* Directions *
The answer must be every line from the entries below that includes "School".

########################################

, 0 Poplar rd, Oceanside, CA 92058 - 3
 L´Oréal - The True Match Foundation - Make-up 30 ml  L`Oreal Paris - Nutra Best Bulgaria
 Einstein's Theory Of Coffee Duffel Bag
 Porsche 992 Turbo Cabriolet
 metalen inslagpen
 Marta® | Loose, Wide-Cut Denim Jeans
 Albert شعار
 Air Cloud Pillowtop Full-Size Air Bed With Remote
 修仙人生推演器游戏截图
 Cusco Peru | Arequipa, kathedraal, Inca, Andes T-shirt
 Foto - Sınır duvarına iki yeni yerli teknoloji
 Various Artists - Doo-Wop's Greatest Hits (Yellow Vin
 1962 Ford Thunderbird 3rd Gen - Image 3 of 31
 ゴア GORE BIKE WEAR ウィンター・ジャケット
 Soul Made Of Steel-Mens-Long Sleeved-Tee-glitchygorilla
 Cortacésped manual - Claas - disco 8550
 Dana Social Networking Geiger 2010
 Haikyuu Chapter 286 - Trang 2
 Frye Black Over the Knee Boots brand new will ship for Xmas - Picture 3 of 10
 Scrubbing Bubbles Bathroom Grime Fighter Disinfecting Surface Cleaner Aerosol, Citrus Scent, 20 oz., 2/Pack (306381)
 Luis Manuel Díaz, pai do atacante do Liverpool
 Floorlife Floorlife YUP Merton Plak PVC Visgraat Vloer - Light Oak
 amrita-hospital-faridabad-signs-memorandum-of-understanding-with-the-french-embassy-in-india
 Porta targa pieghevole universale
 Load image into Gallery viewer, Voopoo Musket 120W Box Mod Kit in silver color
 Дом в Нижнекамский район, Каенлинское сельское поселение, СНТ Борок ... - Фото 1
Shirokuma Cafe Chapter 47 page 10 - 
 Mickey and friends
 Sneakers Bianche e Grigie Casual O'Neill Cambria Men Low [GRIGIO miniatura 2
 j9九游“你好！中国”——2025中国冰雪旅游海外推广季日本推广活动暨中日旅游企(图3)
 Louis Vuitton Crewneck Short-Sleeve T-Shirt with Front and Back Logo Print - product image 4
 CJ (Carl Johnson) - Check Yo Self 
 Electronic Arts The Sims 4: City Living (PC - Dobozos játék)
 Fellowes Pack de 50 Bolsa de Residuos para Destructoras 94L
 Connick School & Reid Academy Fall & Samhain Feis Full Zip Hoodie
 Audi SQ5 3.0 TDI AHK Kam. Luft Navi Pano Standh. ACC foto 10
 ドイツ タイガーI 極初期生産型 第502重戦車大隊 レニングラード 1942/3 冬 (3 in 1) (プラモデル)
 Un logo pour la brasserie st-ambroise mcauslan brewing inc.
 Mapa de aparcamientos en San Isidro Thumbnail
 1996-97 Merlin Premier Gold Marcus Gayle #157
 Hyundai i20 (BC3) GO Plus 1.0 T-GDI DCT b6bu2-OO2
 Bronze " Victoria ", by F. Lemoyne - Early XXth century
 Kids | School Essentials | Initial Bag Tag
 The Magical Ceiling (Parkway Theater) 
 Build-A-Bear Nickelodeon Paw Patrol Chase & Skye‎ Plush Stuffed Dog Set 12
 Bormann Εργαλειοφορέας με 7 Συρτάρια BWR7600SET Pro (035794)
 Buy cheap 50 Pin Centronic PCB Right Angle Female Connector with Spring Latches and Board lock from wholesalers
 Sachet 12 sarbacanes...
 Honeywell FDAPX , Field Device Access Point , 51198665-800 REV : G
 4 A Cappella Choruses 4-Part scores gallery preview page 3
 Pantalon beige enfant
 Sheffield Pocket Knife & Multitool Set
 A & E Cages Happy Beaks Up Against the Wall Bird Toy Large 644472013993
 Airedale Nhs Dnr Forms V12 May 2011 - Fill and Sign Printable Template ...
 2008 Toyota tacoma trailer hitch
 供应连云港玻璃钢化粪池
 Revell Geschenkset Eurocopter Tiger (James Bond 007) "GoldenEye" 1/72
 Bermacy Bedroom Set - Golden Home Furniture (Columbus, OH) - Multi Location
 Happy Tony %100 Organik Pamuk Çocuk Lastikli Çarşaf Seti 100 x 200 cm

########################################

* Response area *
 Connick School & Reid Academy Fall & Samhain Feis Full Zip Hoodie
 Kids | School Essentials | Initial Bag Tag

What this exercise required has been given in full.